Nathan Lane

Sherry! The Broadway Musical (World Premiere Cast Recording)

  • AllMusic Rating
    8
  • User Ratings (0)
  • Your Rating

AllMusic Review by

In 1967, James Lipton, a 40-year-old lyricist/librettist who had one Broadway flop (1962's Nowhere to Go But Up) behind him, got together with Laurence Rosenthal, a 40-year-old composer best known for the film Becket (1964), which had earned him an Academy Award nomination, and they wrote Sherry!, a musical based on George S. Kaufman and Moss Hart's comic 1939 play The Man Who Came to Dinner, a send-up of the author and radio commentator Alexander Woollcott (fictionalized as Sheridan Whiteside, hence "Sherry!") with supporting roles for characters based on Noël Coward, Gertrude Lawrence, and Harpo Marx. The original play was a hit, running 739 performances and earning frequent revivals. But Lipton and Rosenthal's musical was a flop, running 72 performances, not even enough to interest a record company in making a cast album, and that was that. Rosenthal went back to screen composing, eventually focusing on television work. Lipton found minor writing and acting assignments, then settled into moderating a "meet the celebrities" course at New York's New School for Social Research that eventually moved to the cable-TV channel Bravo as Inside the Actors Studio. Each week, viewers could see the amazingly obsequious Lipton shamelessly buttering up great actors and many not-so-great ones.
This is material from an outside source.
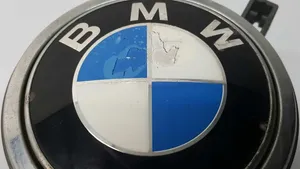 BMW 1 E81 E87 Uchwyt / Rączka zewnętrzna otwierania klapy tylnej / bagażnika 7153173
Meanwhile, the musical parts for Sherry! were lost, meaning that the show couldn't even be resurrected for a high-school production.
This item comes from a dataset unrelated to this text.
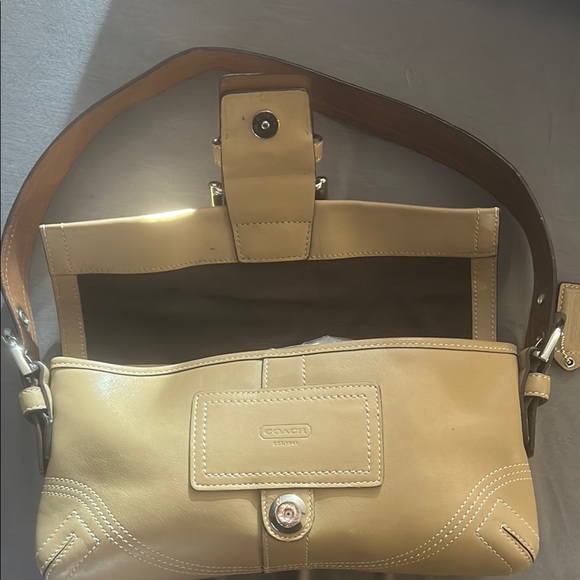 Coach Soho Y2K Camel Leather Shoulder Bag - Picture 7 of 8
But in 2000, they were located at the Library of Congress, and Lipton used his brown-nosing to good purpose, talking a dream cast of former guests on his show into making this studio-cast recording of the 37-year-old musical. And what a cast it is! Nathan Lane, Carol Burnett, Bernadette Peters, Tommy Tune, Mike Myers (!?!), Tom Wopat, Lillias White, Phyllis Newman: if any producer tried to mount an actual Broadway production using such a musical theater A-list, the payroll would rival that of the New York Yankees (and, to turn a profit, the show would have to be put on in Yankee Stadium). Needless to say, the album could be expected to be pretty good just because of all that talent, and it is. But Lipton and Rosenthal's score isn't bad, either. The music is a cross between period-appropriate pre-World War II pop and the kind of pastiche of that style approximated by Jerry Herman in the '60s musicals Hello, Dolly! and Mame. Indeed, the title song sounds very much like an attempted successor to the title songs from those shows. (In his liner notes, Lipton incorrectly claims a recording of it hit number three in Billboard; in fact, Marilyn Maye's pre-opening version got to number eight, and only in Billboard's easy listening chart, at that.) The lyrics are witty in the manner of Cole Porter in places, and merely serviceable in others. Sherry! is not a great lost work, by any means. But it is certainly a professional effort, and this accomplished recording no doubt will inspire stage productions. (The second disc is an enhanced CD containing extensive video material, including excerpts from the Inside the Actors Studio stints by the principals and footage from the recording sessions.)